BABELSBERG FÜR TOURISTEN Monographie taugt lediglich als Reiseführer
Waschechte Babelsberger sind keine Potsdamer, obwohl das Gemeinwesen rund um das berühmte Filmgelände seit Jahrzehnten von der brandenburgischen Landeshauptstadt aus regiert wird. Aber den Babelsberger stört das nicht— wenn er gen Sanssouci fährt, tut er so, als ginge es in eine andere Stadt. Dieser fast schon separatistische Lokalpatriotismus, von dem auch Zugezogene nach kurzer Zeit ergriffen werden, ist erstaunlich. Schließlich existierte Babelsberg nur ein Jahr als eigenständiges Gemeinwesen. Am 1. April 1938 wurden der Rundling Neuendorf, die böhmische Webersiedlung Nowawes, das Dörfchen Klein-Clienicke und die im vorigen Jahrhundert gegründete Villenkolonie Neubabelsberg von den Nationalsozialisten zur Stadt Babelsberg zusammengefügt. Genau ein Jahr später fand die Eingemeindung nach Potsdam statt.

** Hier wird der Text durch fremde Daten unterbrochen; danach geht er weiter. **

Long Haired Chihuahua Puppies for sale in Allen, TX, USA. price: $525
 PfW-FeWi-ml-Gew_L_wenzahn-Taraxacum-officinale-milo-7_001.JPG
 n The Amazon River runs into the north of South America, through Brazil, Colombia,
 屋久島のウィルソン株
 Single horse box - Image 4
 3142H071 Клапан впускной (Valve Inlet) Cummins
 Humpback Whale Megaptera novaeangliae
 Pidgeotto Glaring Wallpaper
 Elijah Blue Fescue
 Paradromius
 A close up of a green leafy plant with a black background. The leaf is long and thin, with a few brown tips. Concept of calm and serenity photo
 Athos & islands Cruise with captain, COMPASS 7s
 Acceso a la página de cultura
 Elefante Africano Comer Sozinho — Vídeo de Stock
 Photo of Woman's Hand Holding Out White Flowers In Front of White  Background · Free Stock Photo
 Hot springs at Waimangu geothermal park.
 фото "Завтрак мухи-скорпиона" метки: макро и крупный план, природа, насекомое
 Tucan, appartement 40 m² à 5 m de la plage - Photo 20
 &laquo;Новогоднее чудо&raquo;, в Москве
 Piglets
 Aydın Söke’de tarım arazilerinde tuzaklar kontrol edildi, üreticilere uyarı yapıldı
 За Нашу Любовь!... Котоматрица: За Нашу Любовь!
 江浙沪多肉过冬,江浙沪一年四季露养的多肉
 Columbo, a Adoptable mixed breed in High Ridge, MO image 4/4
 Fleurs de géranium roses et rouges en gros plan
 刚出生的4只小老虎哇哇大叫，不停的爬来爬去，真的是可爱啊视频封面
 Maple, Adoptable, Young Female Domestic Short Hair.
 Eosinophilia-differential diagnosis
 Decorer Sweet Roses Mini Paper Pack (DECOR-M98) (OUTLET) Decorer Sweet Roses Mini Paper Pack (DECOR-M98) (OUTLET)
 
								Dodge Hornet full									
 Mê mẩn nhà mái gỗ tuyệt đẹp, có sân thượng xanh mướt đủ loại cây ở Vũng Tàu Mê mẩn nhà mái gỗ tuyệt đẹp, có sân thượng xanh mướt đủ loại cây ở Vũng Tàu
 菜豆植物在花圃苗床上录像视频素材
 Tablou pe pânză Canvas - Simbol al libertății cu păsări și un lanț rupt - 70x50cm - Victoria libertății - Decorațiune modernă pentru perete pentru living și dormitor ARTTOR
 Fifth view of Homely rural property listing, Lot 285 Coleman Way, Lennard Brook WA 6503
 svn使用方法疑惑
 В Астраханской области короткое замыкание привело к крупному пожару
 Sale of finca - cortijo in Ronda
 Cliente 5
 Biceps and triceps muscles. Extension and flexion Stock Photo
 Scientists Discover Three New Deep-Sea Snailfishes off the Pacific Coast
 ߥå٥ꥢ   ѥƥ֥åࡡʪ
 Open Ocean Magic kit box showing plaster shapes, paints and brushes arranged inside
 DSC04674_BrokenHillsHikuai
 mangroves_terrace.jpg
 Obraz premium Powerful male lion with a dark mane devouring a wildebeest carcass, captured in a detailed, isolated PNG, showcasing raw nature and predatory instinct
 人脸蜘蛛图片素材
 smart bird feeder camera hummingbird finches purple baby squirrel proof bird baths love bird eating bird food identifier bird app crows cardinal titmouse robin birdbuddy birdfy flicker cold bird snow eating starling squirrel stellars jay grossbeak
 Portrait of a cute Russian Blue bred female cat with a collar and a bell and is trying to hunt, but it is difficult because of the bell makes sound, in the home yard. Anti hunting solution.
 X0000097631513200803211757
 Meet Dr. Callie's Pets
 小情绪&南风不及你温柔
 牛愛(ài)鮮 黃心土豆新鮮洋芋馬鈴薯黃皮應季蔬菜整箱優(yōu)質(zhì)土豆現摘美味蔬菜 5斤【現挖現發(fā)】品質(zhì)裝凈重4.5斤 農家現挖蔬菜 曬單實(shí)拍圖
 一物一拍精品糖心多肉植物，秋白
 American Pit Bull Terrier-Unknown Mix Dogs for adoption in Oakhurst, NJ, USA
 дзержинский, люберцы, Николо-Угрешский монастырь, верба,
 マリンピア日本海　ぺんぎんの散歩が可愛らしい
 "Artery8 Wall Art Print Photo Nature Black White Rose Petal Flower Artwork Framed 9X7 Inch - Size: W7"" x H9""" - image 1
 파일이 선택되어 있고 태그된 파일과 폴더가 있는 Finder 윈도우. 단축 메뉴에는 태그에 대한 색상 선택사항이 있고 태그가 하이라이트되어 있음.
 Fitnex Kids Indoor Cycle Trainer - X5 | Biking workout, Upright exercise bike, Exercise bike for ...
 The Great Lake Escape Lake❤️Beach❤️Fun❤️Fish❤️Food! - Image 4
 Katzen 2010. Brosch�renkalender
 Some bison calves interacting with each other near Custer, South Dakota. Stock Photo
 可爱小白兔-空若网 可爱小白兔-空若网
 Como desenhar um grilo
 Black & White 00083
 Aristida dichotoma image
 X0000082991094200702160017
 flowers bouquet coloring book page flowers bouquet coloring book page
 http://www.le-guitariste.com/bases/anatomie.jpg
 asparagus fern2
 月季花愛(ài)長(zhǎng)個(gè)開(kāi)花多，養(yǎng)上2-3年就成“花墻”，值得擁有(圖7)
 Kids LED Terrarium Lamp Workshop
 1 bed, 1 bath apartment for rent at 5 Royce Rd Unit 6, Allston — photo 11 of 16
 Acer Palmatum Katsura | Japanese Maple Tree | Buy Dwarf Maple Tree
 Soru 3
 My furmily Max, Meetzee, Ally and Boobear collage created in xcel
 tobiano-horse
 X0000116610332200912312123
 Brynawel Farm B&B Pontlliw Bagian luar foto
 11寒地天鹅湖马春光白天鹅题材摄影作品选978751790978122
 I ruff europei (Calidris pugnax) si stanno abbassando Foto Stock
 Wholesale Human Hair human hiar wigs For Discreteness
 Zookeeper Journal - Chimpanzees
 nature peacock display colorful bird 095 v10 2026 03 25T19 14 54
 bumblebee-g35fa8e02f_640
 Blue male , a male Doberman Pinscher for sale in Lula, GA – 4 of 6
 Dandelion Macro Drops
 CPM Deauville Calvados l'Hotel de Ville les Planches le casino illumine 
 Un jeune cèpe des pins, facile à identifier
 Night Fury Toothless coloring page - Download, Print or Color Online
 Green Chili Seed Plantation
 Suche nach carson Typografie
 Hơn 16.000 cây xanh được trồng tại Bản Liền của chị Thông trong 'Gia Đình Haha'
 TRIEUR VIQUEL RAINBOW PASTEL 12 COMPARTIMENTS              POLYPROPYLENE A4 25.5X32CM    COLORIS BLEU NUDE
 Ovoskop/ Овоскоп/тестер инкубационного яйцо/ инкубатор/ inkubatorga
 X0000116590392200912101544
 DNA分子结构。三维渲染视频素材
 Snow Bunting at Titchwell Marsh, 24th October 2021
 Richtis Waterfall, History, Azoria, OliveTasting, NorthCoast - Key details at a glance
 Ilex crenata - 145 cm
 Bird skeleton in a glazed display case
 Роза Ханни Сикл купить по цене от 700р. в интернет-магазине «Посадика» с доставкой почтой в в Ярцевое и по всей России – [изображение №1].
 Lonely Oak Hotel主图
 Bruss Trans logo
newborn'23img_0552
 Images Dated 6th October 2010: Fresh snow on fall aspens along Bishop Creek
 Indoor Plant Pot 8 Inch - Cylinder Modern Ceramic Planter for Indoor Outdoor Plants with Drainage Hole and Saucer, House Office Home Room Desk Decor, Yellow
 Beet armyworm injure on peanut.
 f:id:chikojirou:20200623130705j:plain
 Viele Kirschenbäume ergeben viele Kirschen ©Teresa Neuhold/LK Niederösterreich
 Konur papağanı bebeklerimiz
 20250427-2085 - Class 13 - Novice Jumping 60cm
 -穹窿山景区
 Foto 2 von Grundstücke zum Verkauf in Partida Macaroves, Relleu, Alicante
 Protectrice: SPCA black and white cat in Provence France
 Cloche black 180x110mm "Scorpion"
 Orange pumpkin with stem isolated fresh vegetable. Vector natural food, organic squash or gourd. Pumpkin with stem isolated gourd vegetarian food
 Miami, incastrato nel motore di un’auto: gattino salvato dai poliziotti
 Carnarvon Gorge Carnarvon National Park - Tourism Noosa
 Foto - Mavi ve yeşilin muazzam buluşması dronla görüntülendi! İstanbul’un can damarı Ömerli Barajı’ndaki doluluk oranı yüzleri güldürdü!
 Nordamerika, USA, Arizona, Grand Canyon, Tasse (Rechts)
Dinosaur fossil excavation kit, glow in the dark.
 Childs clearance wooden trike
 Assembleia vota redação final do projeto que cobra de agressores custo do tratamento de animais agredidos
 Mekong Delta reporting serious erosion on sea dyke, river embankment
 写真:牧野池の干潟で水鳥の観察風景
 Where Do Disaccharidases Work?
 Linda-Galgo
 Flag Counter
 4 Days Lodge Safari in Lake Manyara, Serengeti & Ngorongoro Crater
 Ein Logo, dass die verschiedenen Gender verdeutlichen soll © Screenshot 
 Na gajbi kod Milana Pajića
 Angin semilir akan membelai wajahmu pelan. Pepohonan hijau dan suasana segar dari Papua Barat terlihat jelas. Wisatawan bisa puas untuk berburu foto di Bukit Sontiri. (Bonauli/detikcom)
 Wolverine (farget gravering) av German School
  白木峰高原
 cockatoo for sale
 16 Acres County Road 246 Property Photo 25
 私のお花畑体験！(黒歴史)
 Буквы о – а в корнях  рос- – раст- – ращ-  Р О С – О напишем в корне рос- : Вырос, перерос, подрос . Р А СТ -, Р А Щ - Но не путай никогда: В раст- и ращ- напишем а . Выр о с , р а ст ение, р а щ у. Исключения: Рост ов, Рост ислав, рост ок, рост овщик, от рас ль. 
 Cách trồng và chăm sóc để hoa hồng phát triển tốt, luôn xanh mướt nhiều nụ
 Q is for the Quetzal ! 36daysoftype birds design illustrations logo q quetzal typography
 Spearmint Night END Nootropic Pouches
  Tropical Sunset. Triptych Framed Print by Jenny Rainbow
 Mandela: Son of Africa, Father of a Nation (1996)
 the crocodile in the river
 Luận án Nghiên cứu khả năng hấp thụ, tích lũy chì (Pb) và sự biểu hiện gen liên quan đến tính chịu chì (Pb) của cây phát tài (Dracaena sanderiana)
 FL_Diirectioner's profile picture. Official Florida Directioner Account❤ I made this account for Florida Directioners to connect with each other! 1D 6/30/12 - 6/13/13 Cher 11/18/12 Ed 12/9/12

Eine historische Gesamtdarstellung der bis dato nur lückenhaft aufgearbeiteten Geschichte der vier Gründungskerne Babelsbergs fehlte bisher in der breit gefächerten Potsdam-Literatur. Diese Lücke wollte das Kleinmachnower Autorenehepaar Christa und Johannes Jankowiak mit dem jüngst erschienenen Buch„Babelsberg— Ein Ortsteil Potsdams“ schließen. Leider ist der Versuch gründlich mißlungen.
Auch wenn das Werk nicht den Anspruch einer wissenschaftlichen Arbeit erhebt, fällt zunächst das Fehlen der Quellenverweise unangenehm auf. Einer, der sich darüber öffentlich besonders beklagt hat, ist der Denkmalpfleger Jörg Limberg. Er warf den
Autoren geistigen Diebstahl an seinen veröffentlichten Forschungsergebnissen zur Villenkolonie Neubabelsberg vor. Die Jankowilaks haben schlichtweg aus Sekundärquellen abgeschrieben, so Limberg.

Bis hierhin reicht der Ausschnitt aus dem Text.